Suppose that the paper clip industry is perfectly competitive. Also assume that the market price
Suppose that the paper clip industry is perfectly competitive. Also assume that the market price for paper clips is 2 cents per paper clip. The demand curve faced by each firm in the industry is: LO10.3 a. a horizontal line at 2 cents per paper clip. b. a vertical line at 2 cents per paper clip. c. the same as the market demand curve for paper clips. d. always higher than the firm’s MC curve.

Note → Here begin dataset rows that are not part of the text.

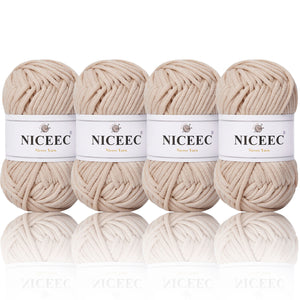 NICEEC 4 Skeins Crochet Yarn Soft Knitting Yarn for Beginners Cotton-Nylon Blend Yarn Easy-Use Yarn for Starters Crochet Kit Making Yarn for DIY Craft Total Length 4×55yds(4×1.76oz)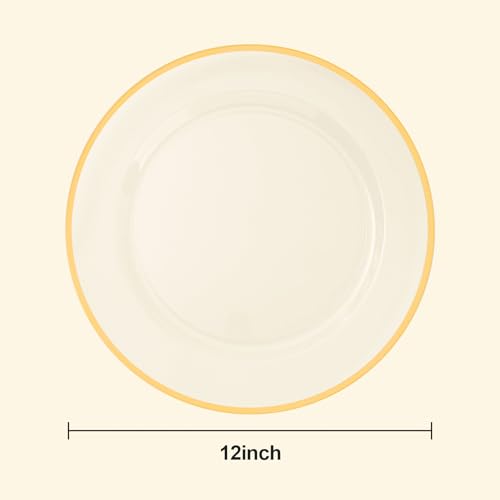 BESTSTAR 50 Pack 12 Inch Clear Charger Plates with Gold Rim | Disposable Plastic Table Decor Set for Party, Wedding, Dinner & Special Events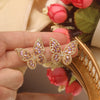 2022 Korea Jewelry  Micro Set Zircon Earrings Elegant Green Crystal Butterfly Prom Earring for wome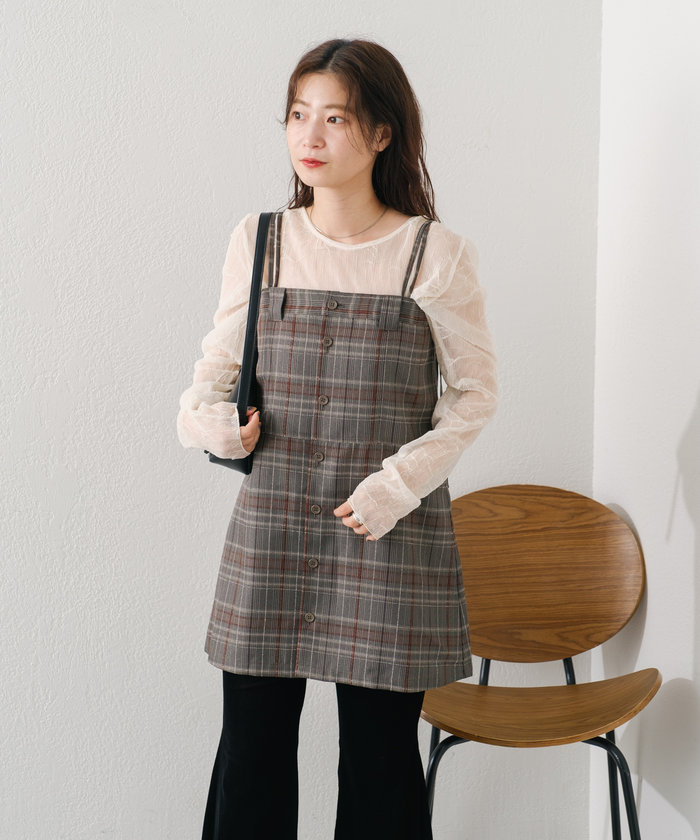 Kastane シアーチェックアシメワンピース グレー（サイズ展開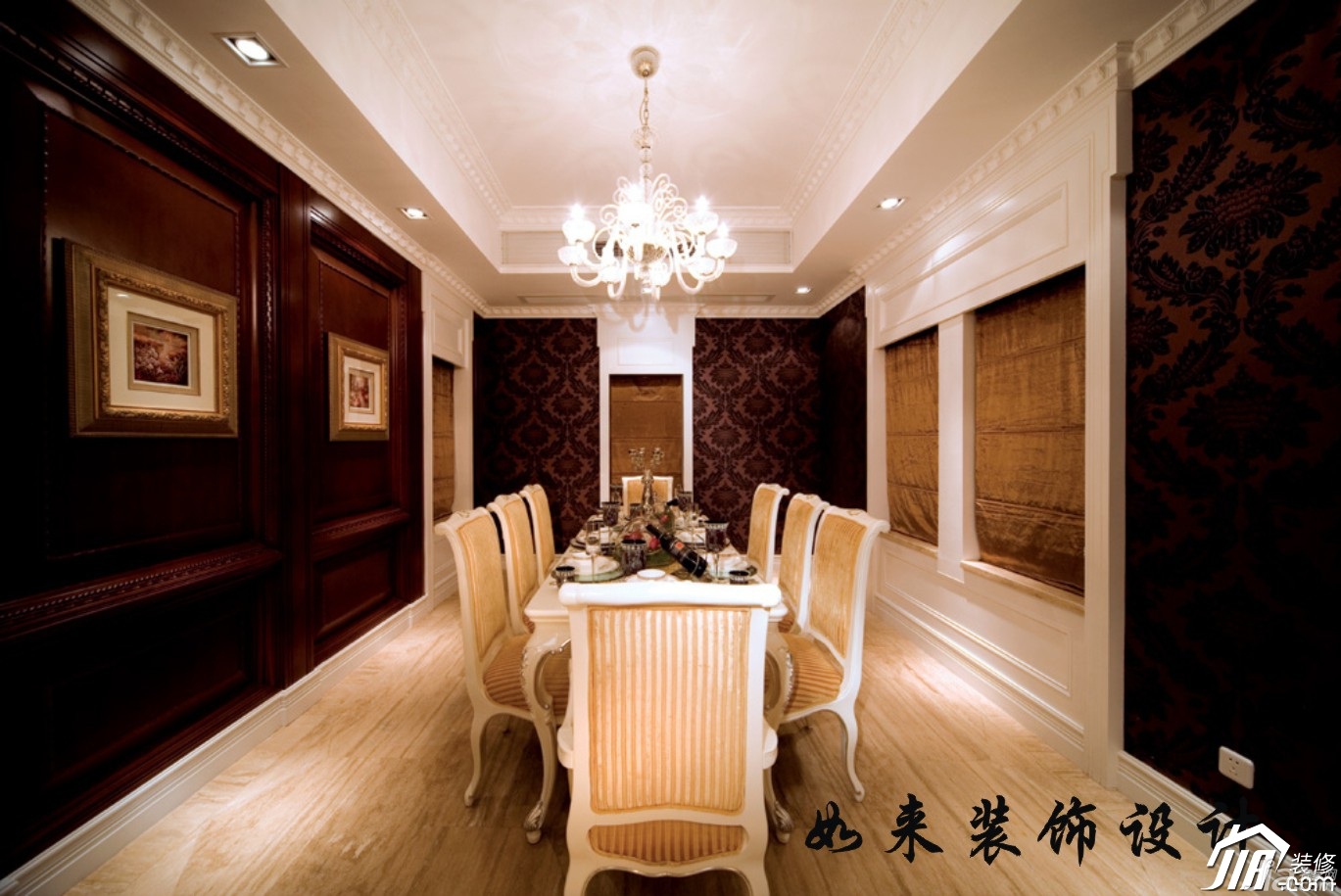 别墅装修,富裕型装修,欧式风格,如来装饰,餐厅,装饰画,餐桌,灯具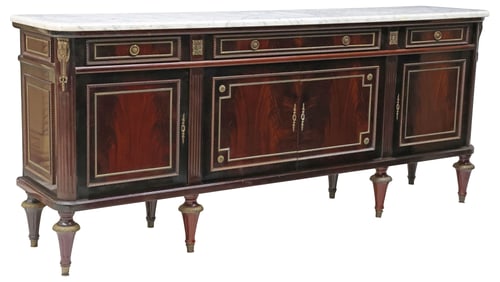 FRENCH LOUIS XVI STYLE MARBLE-TOP MAHOGANY SIDEBOARD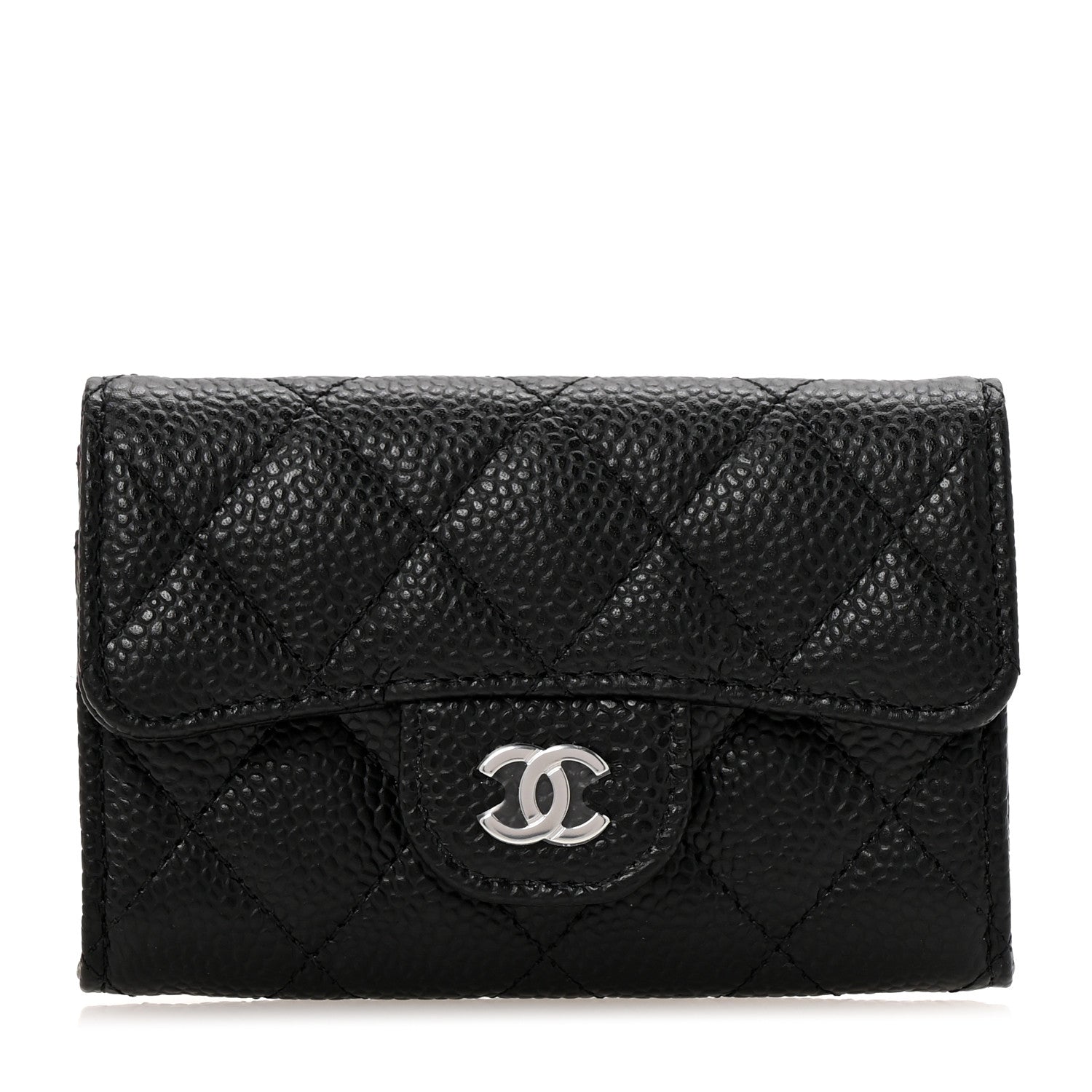 Chanel Caviar Quilted Flap Card Holder Wallet Black 1 of 8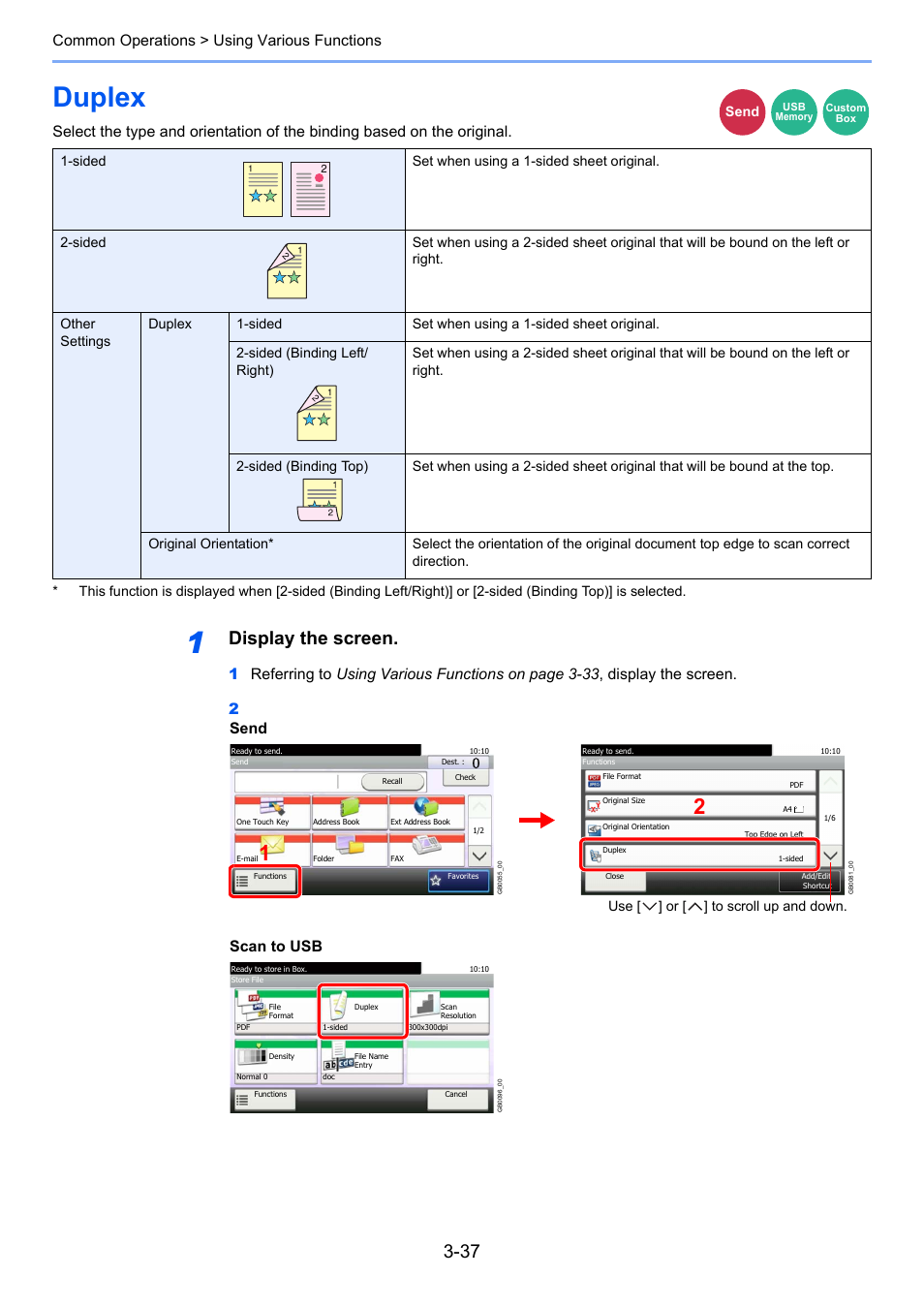 Duplex, Duplex -37, Display the screen | Common operations > using various functions, Send, Scan to usb | TA Triumph-Adler 261ci User Manual | Page 113 / 396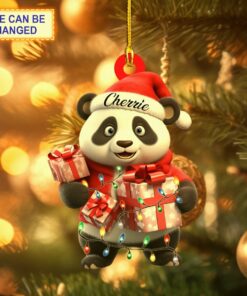 cute panda bear santa hat holiday keepsake christmas tree ornament 1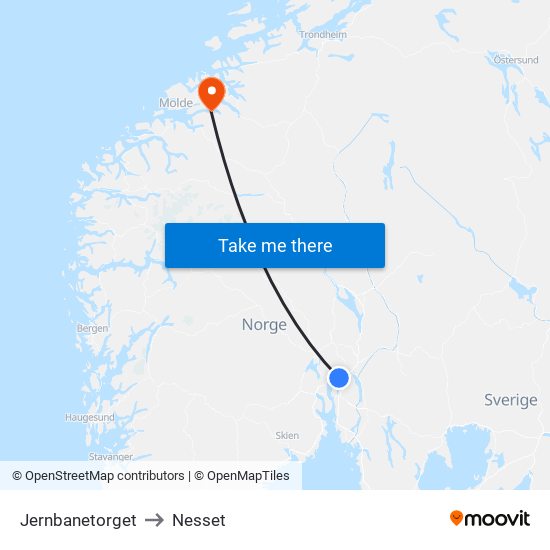 Jernbanetorget to Nesset map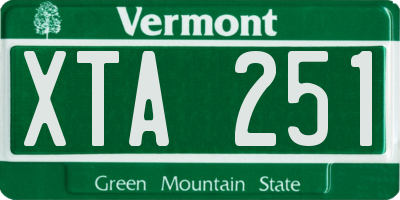 VT license plate XTA251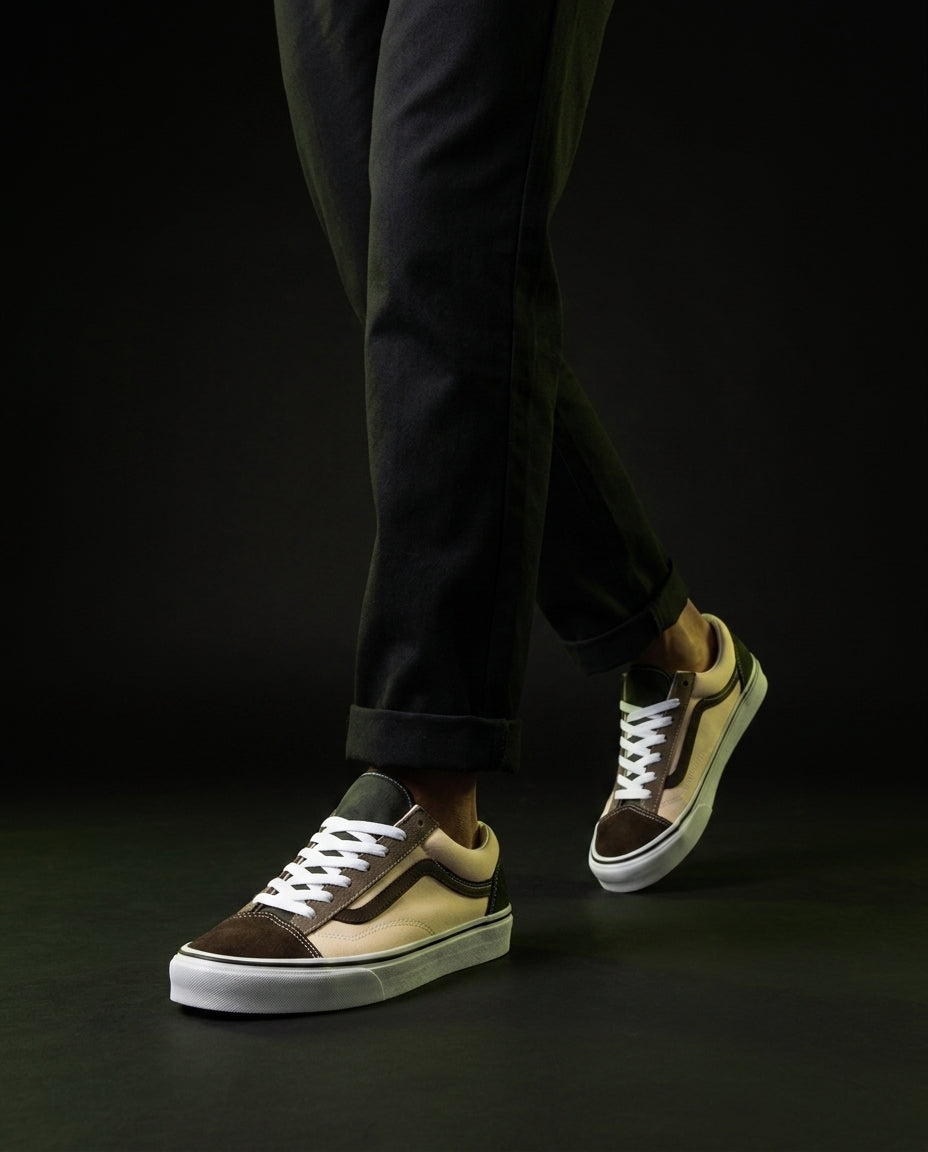 VNS Suede Colour-Block Skate Trainer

Here is the full solution including the answer and explanation.
a is correct
In a perfectly competitive market structure, demand is perfectly elastic. This means that the price faced by firms producing Product PC is constant and market demand is downward sloping. In perfect competition, firms are price takers and cannot affect the price. Therefore, the price is equal to the marginal revenue for the firm.
b is incorrect
The demand curve is not perfectly inelastic in a perfectly competitive firm because a small change in prices causes a huge change in demand. Therefore, the price can never be vertical.
c is incorrect
The market demand would be downward sloping but the demand for individual firms producing product PC would be horizontal as firms are price takers. Therefore, every firm faces the horizontal demand curve meaning demand is perfectly elastic.
d is incorrect
In a perfectly competitive market, price is always assumed to be equal to marginal cost. Therefore, the price cannot be higher than MC.